CAFD is a non-profit organisation with a mission to foster cooperation in the fashion field within ASEAN countries and promote the fashion industry to a higher level of success. This is the first fashion council to be established by the ASEAN Secretariat with an aim to assist designers in brand development and business implementation. The fashion industry within ASEAN is expected to see significant growth in times to come.
ASEAN is a potential fashion market with many creative designers. It is positive that CAFD can take ASEAN fashion to a whole new level like other developed fashion regions. What activities have you planned for the CAFD?
The first thing that I will do when officially becoming a chairman is to focus on researching and selecting key personnel in each Southeast Asian country.

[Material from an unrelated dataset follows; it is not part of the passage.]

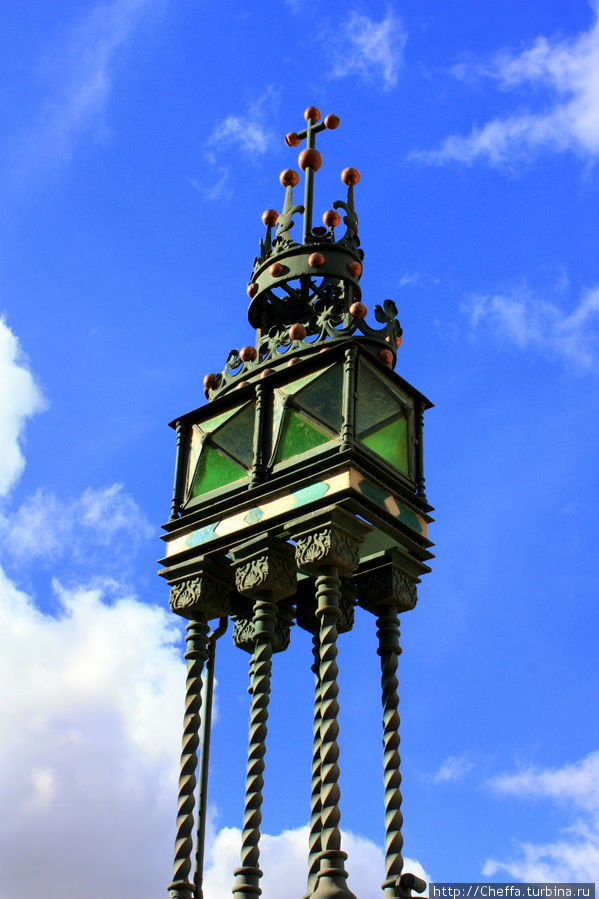 .. и корона. .. и корона.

The bridge that they create is beneficial for determining outstanding local designers for the council. Participating fashion designers will have the opportunity to launch their mini-collections, and CAFD will join hands to promote them via photos and videos.

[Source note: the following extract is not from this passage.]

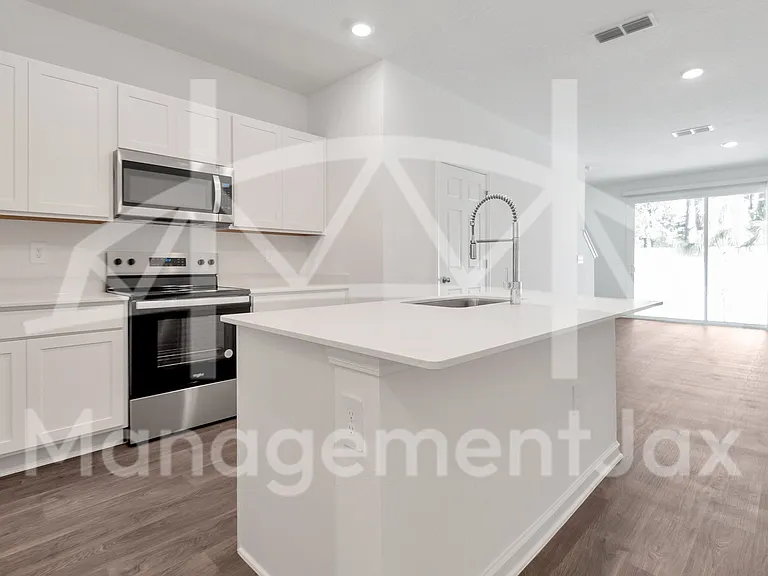 5470 Broad Bridge Way #1 — Photo 3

The new mobile application called AFAB (Asean Fabulous) will be introduced as well. This application helps showcase talented designers and further spreads information about their collections within the region and even globally. Designers are not required to pay a fee to become a member of CAFD; and Vietnam will be the first country to have collections launched on AFAB app. I believe that the products of Vietnamese designers will be embraced by international friends.
Where is Vietnam on the regional and global fashion map?

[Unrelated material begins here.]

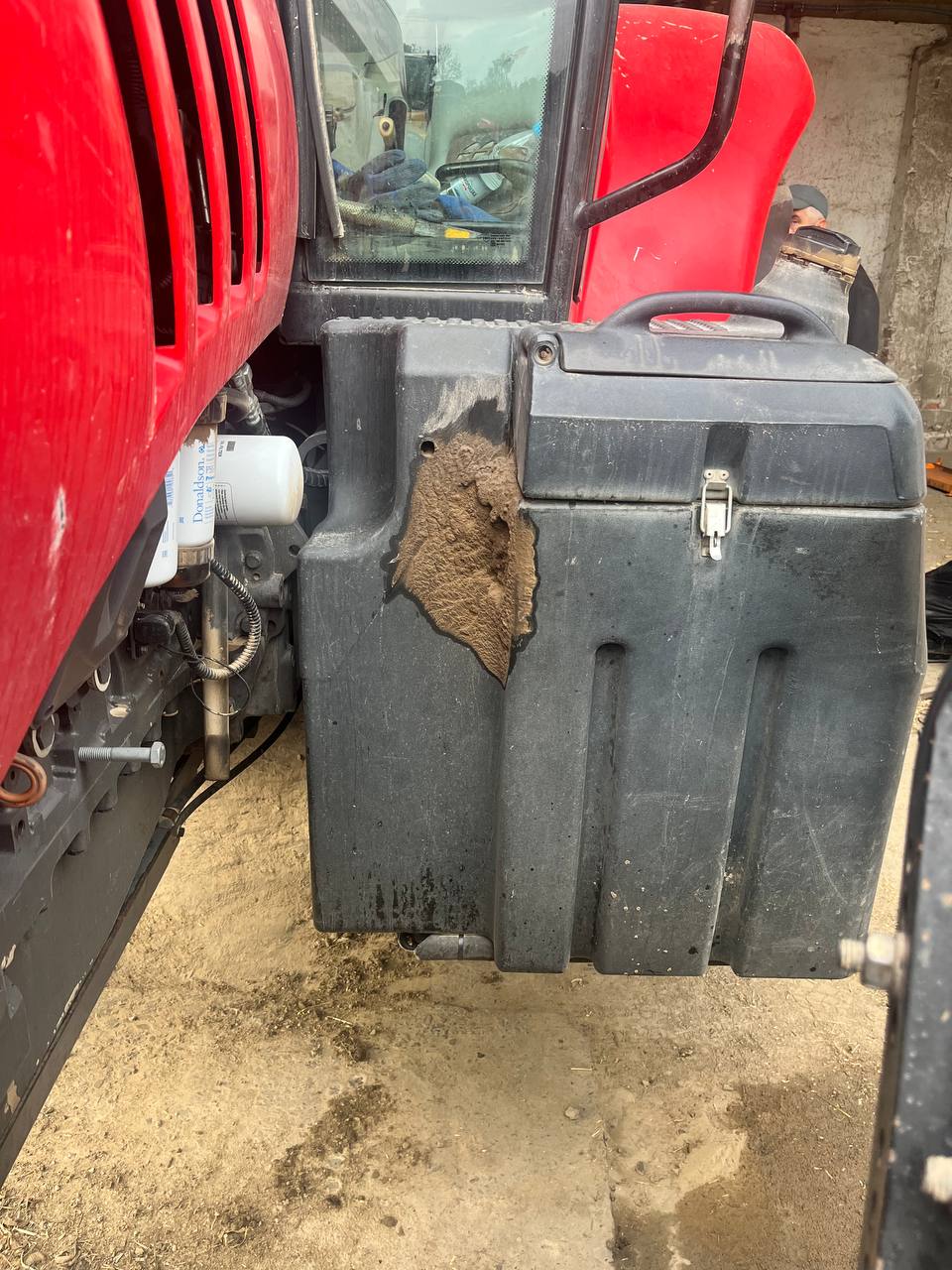 Foto 1 der Reparatur — Kraftstofftank-Reparatur Massey Ferguson 6485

Prior to VIFW held in 2014, Vietnamese fashion was almost invisible to the world. I am glad that this has changed after 10 seasons of VIFW. Vietnam has gradually made a statement on the regional and global fashion map. We have many advantages compared to other countries. We are a market with a substantial population. This is a competitive advantage of Vietnam, not only for the fashion industry but for other economic sectors.
Besides, many manufacturing factories with quality infrastructure can be found in the country. In fact, Vietnam is one of the largest producers of garment products for many well-known fashion brands in the world. Our workforce is young, and local tastes have gradually adapted to new elements of global fashion. Vietnamese fashion definitely holds an important position within the region and in the world.
What are the advantages and challenges that Vietnamese fashion designers encounter when working in an international environment?
Vietnamese designers have benefited from the advantages of our fashion industry. They are very creative, especially designers Nguyen Cong Tri and Phuong My, who were highly praised after their collections were launched at many international fashion weeks.
That being said, poor language skill is one of the major disadvantages that Vietnamese designers have encountered when entering the international fashion market. Lack of hustle and professional experiences are other barriers. Therefore, it is important for organisations such as CAFD to create more chances for local designers to learn the very best of world fashion.
Can you share some highlights as well as the limitations of the local fashion industry?
VIFW has positively changed people’s perception of the local fashion industry in recent years. Many Vietnamese designers, such as Nguyen Cong Tri, Phuong My and Thuy Nguyen, have made a good impression on international customers. This local industry has gradually been “shaped” and is on the rise. I am also glad that local fashion consumers have formed a habit of embracing Vietnamese products, “Vietnamese people use Vietnamese goods”, instead of purchasing fashion pieces from China, as they used to do. An open and dynamic economy is another important factor that boosts the growth of Vietnam’s fashion market. Various made-in-Vietnam brands have recently been introduced and are well-loved by the public.
However, the biggest limitation that the local fashion market has faced, in my humble experience, is the lack of proper investment in fashion- and design-related activities from the Government. We have invested in the development of manufacturing factories for overseas companies but have not focused on the local market. Many hundreds-year-old craft and silk villages that offer support for raw materials have not been taken care of, while passionate and young designers have not been given quality training that would help them catch up with the world. We have yet to create a link between key fashion 'knots', from raw materials, factories, processing and design to communication and brand promotion. With that said, it will take some time to solve these problems and introduce more Vietnamese fashion brands to the world.
At the moment, we have scheduled meetings with the Ministry of Industry and Trade to promote the establishment of the Vietnam Fashion Association as an organisation that represents all units operating in the fashion field in Vietnam. In the time to come, I hope the Government will invest and pay more attention to the fashion industry to help secure our place on the regional and global fashion map.